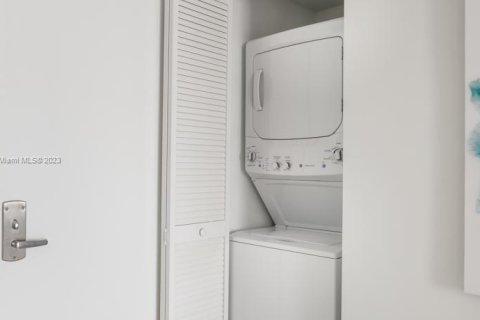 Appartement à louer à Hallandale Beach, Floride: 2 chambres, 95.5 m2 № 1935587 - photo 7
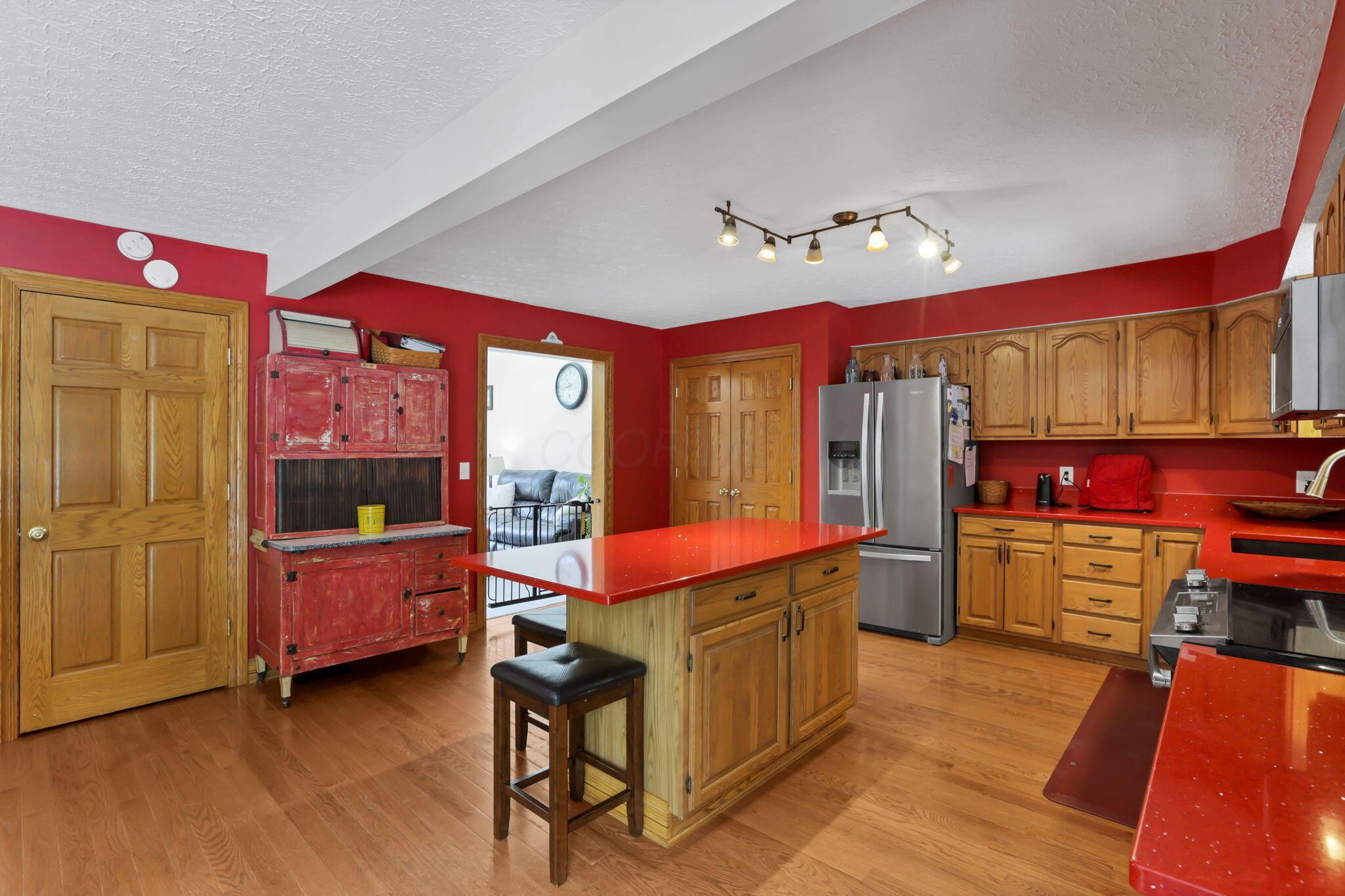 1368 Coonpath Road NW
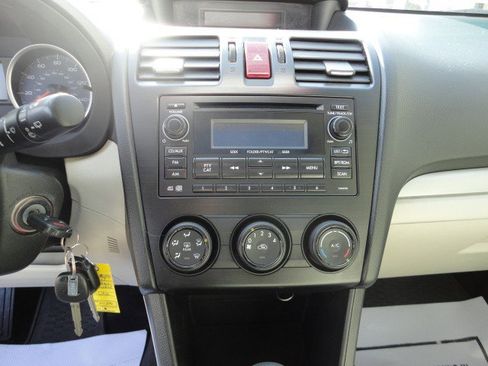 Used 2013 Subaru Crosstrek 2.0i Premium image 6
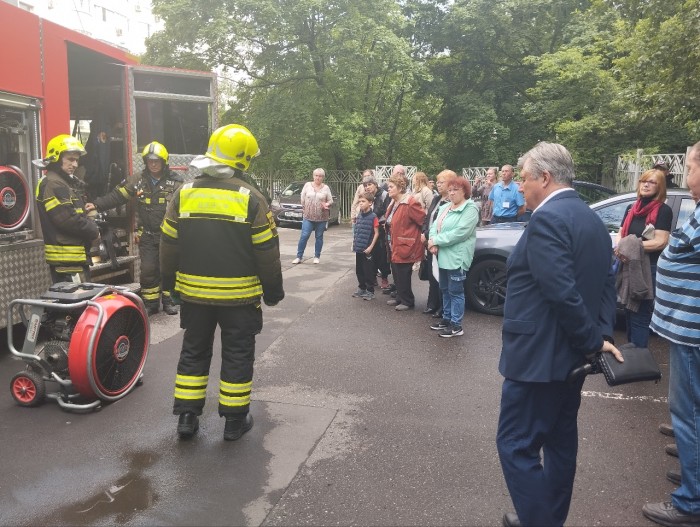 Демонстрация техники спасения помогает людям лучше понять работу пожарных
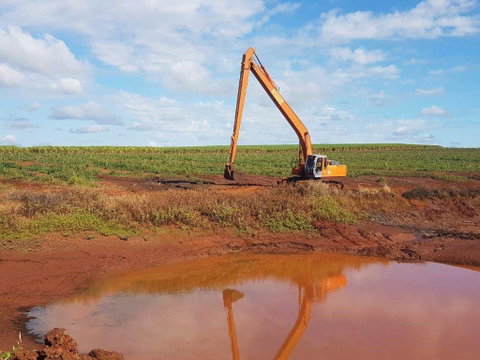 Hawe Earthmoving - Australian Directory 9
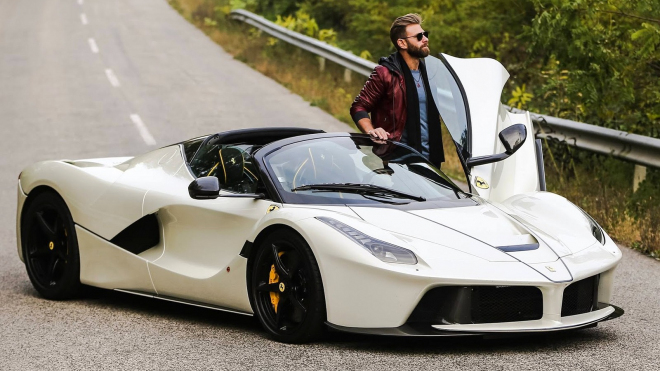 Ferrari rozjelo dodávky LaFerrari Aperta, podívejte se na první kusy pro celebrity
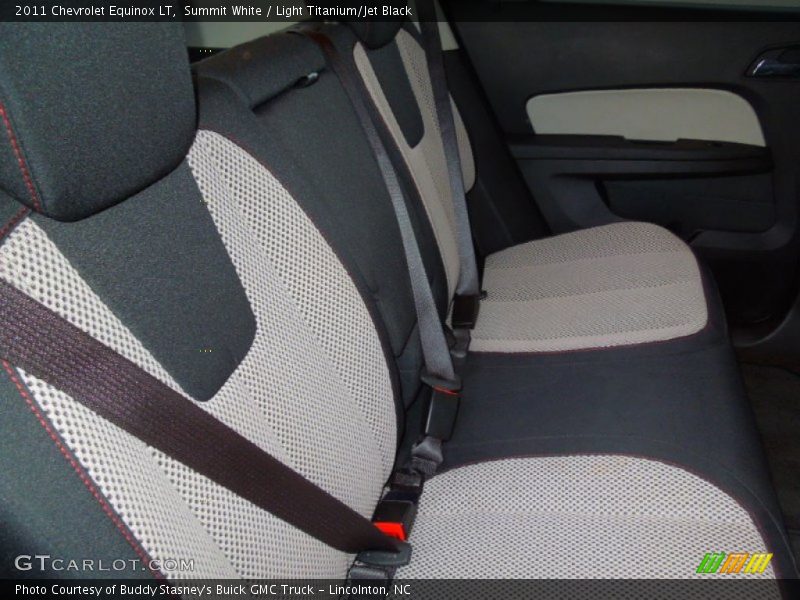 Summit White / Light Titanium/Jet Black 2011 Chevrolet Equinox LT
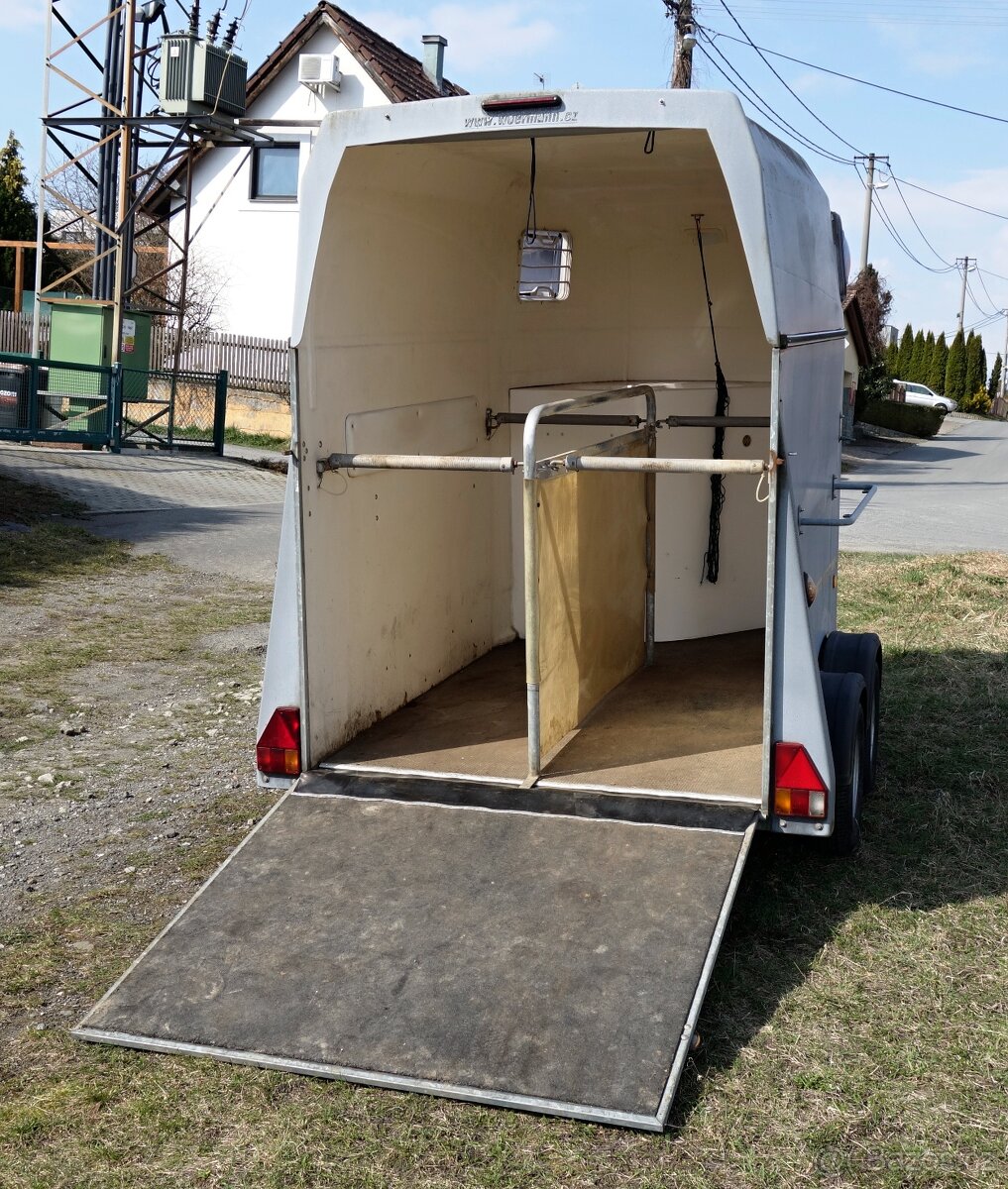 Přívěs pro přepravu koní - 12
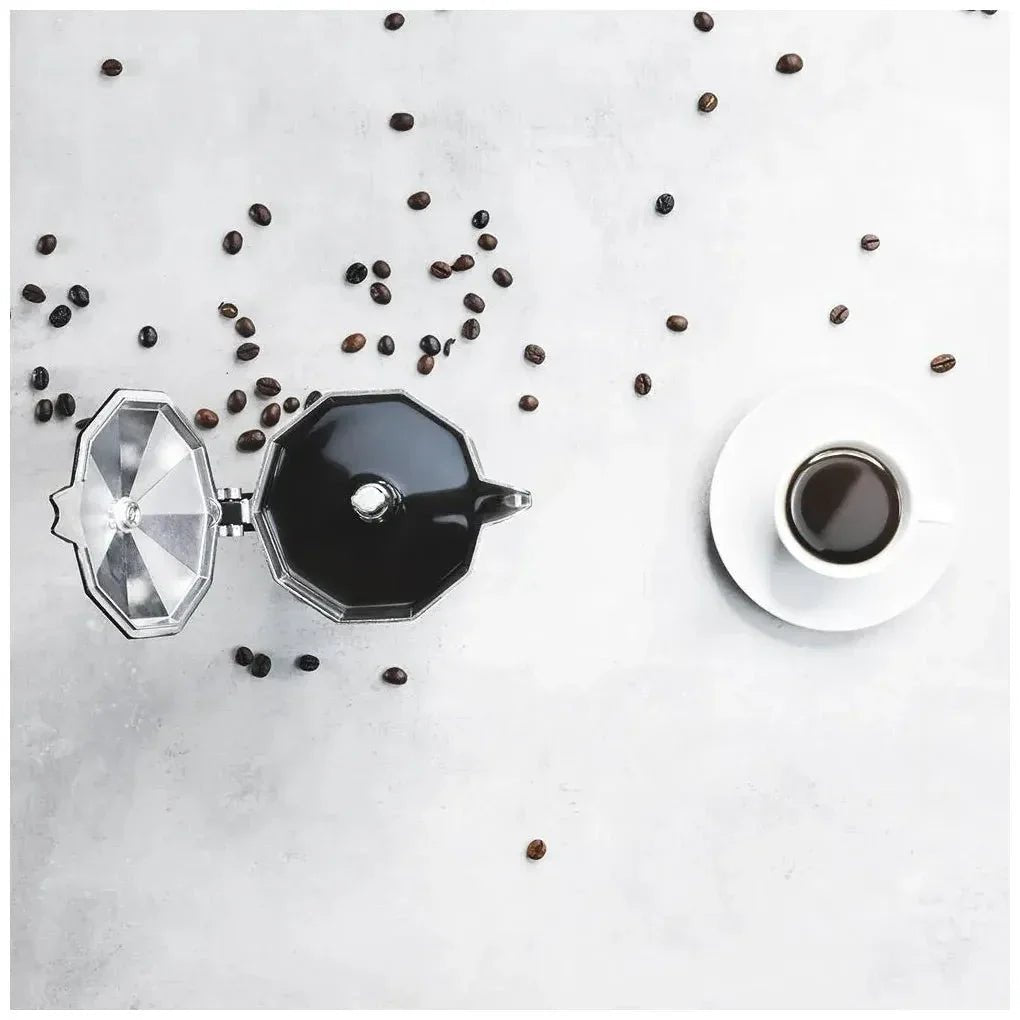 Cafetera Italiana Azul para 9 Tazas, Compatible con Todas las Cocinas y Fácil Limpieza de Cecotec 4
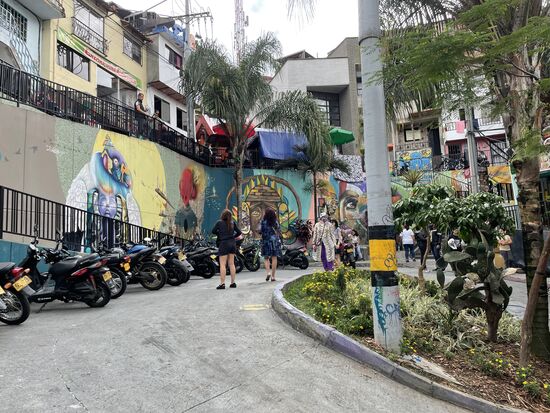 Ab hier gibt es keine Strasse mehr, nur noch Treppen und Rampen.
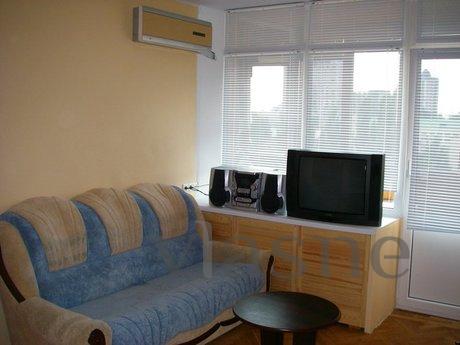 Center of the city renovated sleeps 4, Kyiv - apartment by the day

__Your instructions__
Would you retype the material exactly, omitting each picture?

__Result below__
 Appartement à louer à Hallandale Beach, Floride: 2 chambres, 95.5 m2 № 1935587 - photo 7
 1368 Coonpath Road NW
 Used 2013 Subaru Crosstrek 2.0i Premium image 6
 Демонстрация техники спасения помогает людям лучше понять работу пожарных
 Hawe Earthmoving - Australian Directory 9
 Ferrari rozjelo dodávky LaFerrari Aperta, podívejte se na první kusy pro celebrity
 Summit White / Light Titanium/Jet Black 2011 Chevrolet Equinox LT
 Přívěs pro přepravu koní - 12
 Cafetera Italiana Azul para 9 Tazas, Compatible con Todas las Cocinas y Fácil Limpieza de Cecotec 4
 Ab hier gibt es keine Strasse mehr, nur noch Treppen und Rampen.
 Center of the city renovated sleeps 4, Kyiv - apartment by the day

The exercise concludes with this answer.